• _PROVIDED DATA_
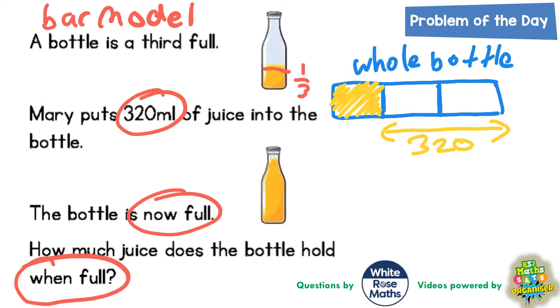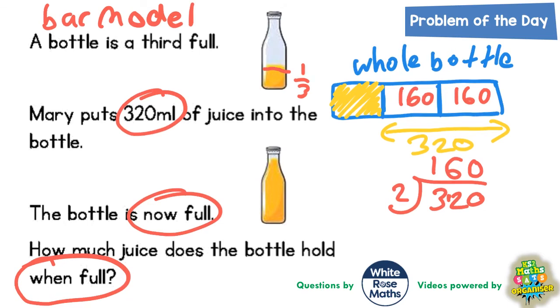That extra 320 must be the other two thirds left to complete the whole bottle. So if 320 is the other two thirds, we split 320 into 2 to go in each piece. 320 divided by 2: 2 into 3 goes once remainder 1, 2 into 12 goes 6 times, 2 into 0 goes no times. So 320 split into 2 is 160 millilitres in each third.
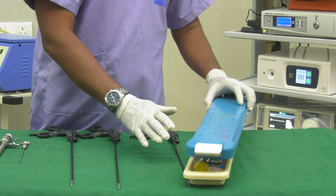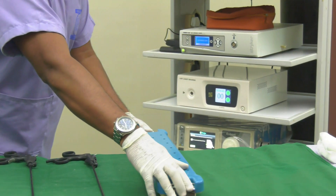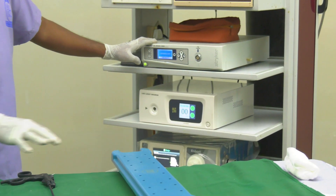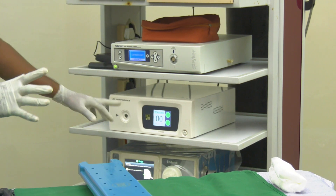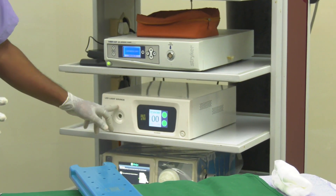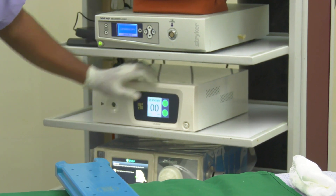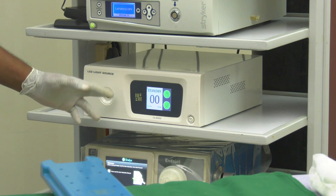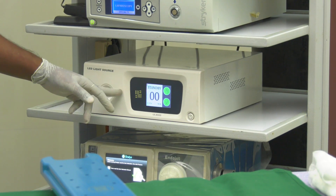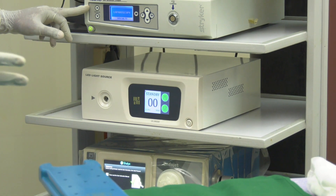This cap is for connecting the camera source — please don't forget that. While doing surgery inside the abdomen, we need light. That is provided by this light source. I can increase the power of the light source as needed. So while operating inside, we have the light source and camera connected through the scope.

==

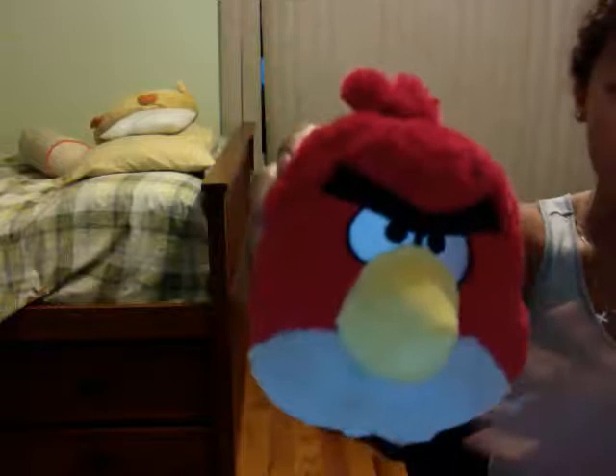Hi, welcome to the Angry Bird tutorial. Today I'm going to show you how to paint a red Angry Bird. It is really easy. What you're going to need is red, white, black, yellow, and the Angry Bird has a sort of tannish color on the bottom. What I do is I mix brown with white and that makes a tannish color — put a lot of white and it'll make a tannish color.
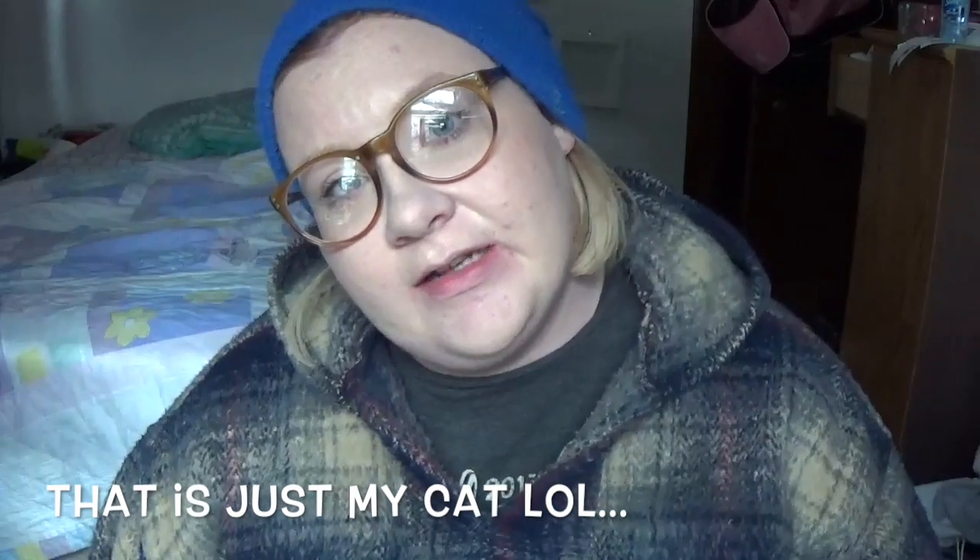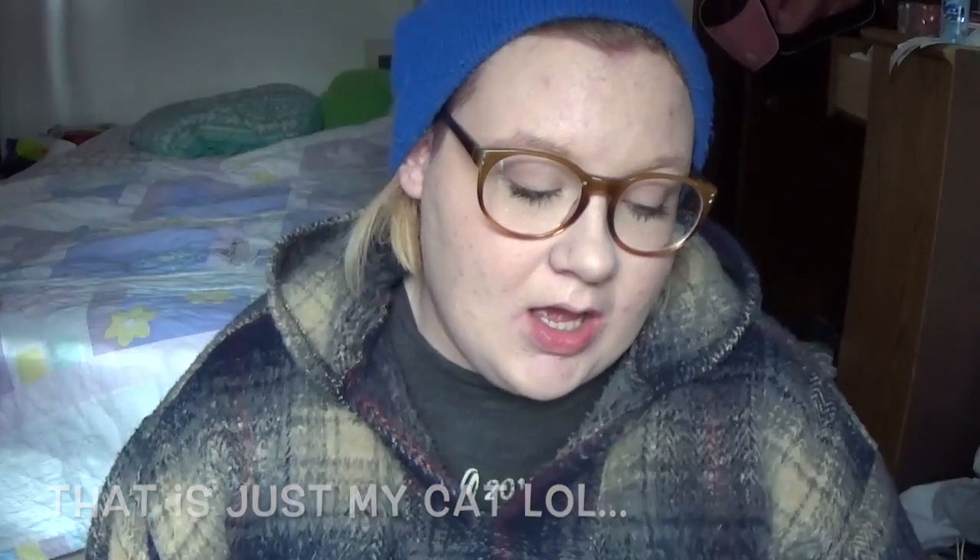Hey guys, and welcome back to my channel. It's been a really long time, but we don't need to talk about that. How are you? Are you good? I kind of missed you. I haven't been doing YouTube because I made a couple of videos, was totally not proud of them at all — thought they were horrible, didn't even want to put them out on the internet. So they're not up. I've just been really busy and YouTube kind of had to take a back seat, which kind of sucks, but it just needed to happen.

* * *

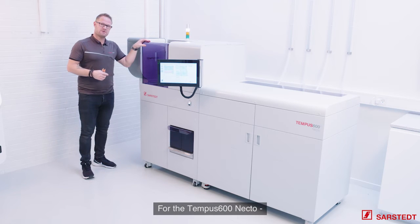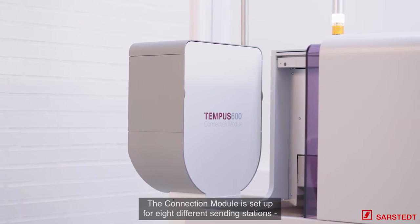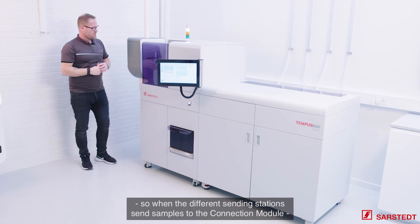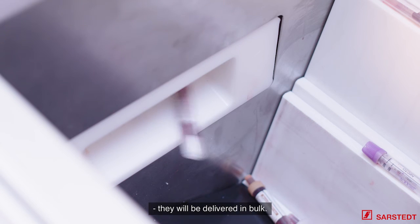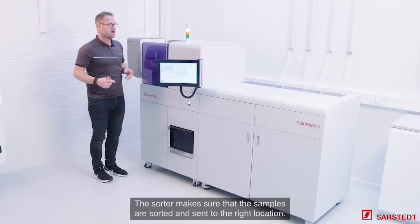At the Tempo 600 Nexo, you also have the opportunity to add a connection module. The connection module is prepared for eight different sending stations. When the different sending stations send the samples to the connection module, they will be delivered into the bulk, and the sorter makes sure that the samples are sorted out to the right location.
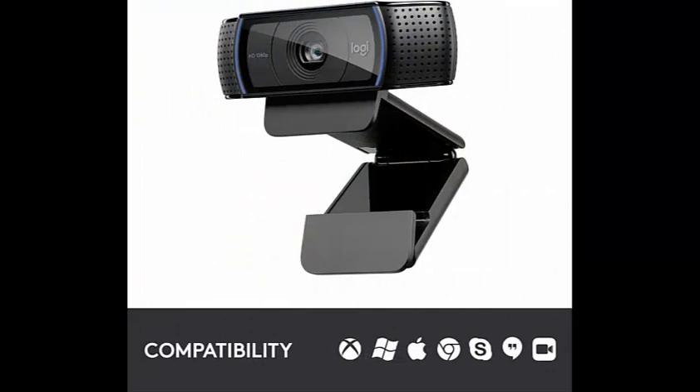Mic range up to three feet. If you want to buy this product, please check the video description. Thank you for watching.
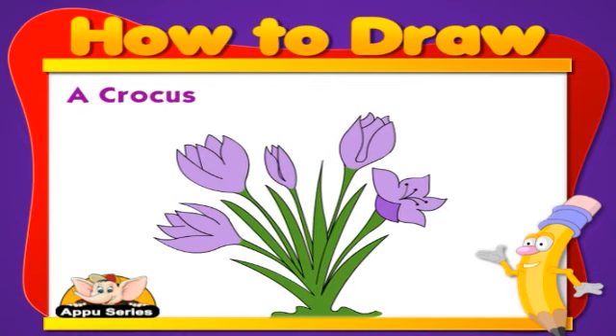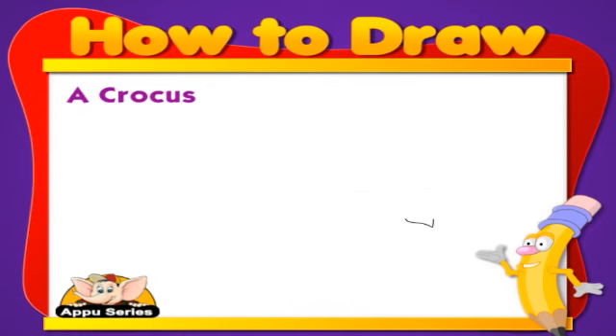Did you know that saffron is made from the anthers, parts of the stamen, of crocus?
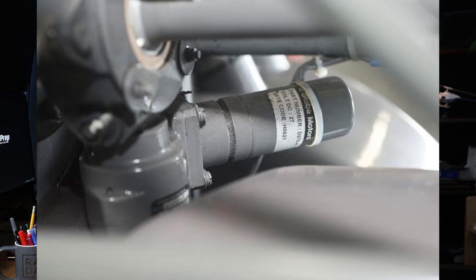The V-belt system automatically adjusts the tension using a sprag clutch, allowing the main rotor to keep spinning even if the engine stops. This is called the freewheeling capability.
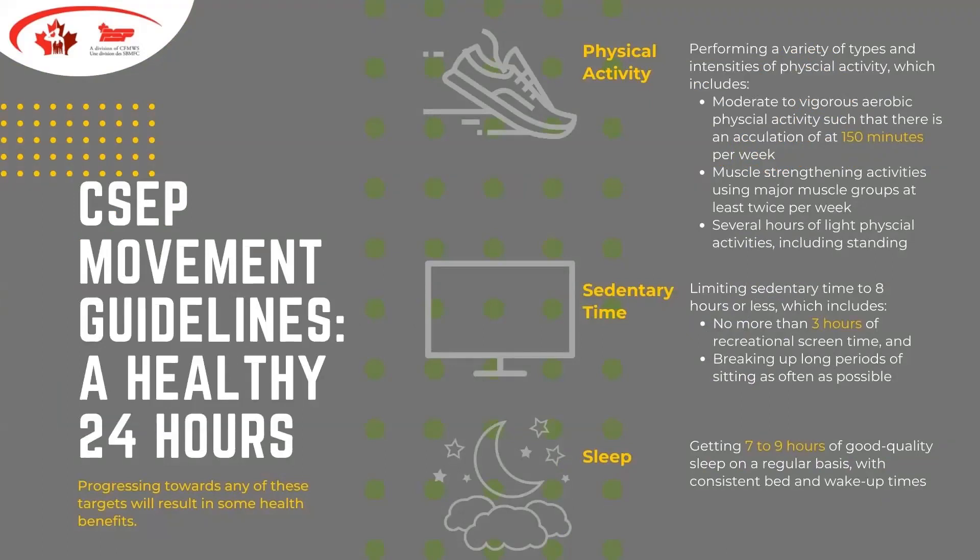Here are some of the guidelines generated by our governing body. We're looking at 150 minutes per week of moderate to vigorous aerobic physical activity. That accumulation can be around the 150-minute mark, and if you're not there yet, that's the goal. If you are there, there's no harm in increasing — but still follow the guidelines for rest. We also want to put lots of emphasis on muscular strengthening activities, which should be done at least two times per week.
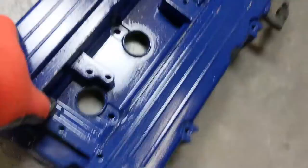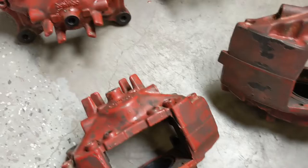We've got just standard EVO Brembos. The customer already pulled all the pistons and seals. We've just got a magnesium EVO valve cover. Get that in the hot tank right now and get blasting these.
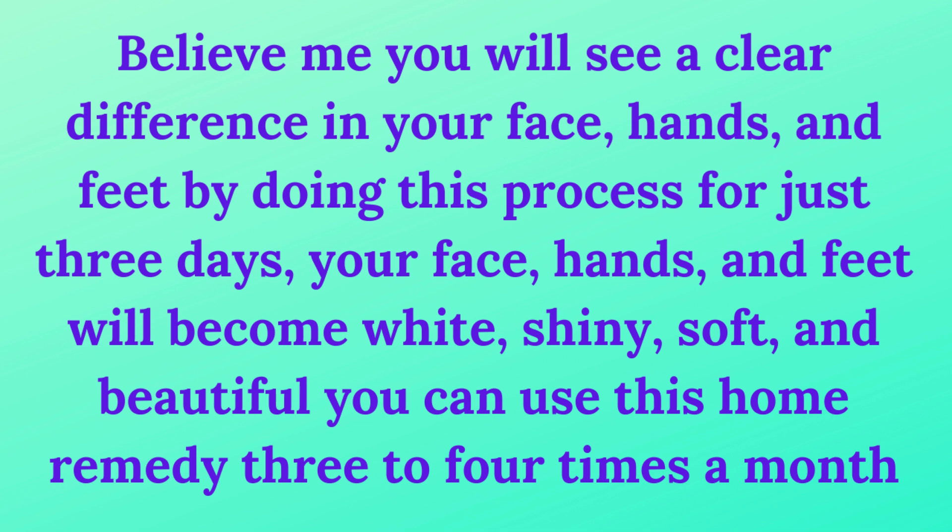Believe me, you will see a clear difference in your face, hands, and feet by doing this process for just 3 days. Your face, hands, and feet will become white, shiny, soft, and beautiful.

• _WHAT IS NEEDED_
The stretch above running from the line with "Did you know" through the line with "Believe me, you" is all you should copy, exactly, leaving out the pictures.

• _EXPECTED ANSWER_
Did you know that saffron is made from the anthers, parts of the stamen, of crocus?
The V-belt system automatically adjusts the tension using a sprag clutch, allowing the main rotor to keep spinning even if the engine stops. This is called the freewheeling capability.
Here are some of the guidelines generated by our governing body. We're looking at 150 minutes per week of moderate to vigorous aerobic physical activity. That accumulation can be around the 150-minute mark, and if you're not there yet, that's the goal. If you are there, there's no harm in increasing — but still follow the guidelines for rest. We also want to put lots of emphasis on muscular strengthening activities, which should be done at least two times per week.
We've got just standard EVO Brembos. The customer already pulled all the pistons and seals. We've just got a magnesium EVO valve cover. Get that in the hot tank right now and get blasting these.
Believe me, you will see a clear difference in your face, hands, and feet by doing this process for just 3 days. Your face, hands, and feet will become white, shiny, soft, and beautiful.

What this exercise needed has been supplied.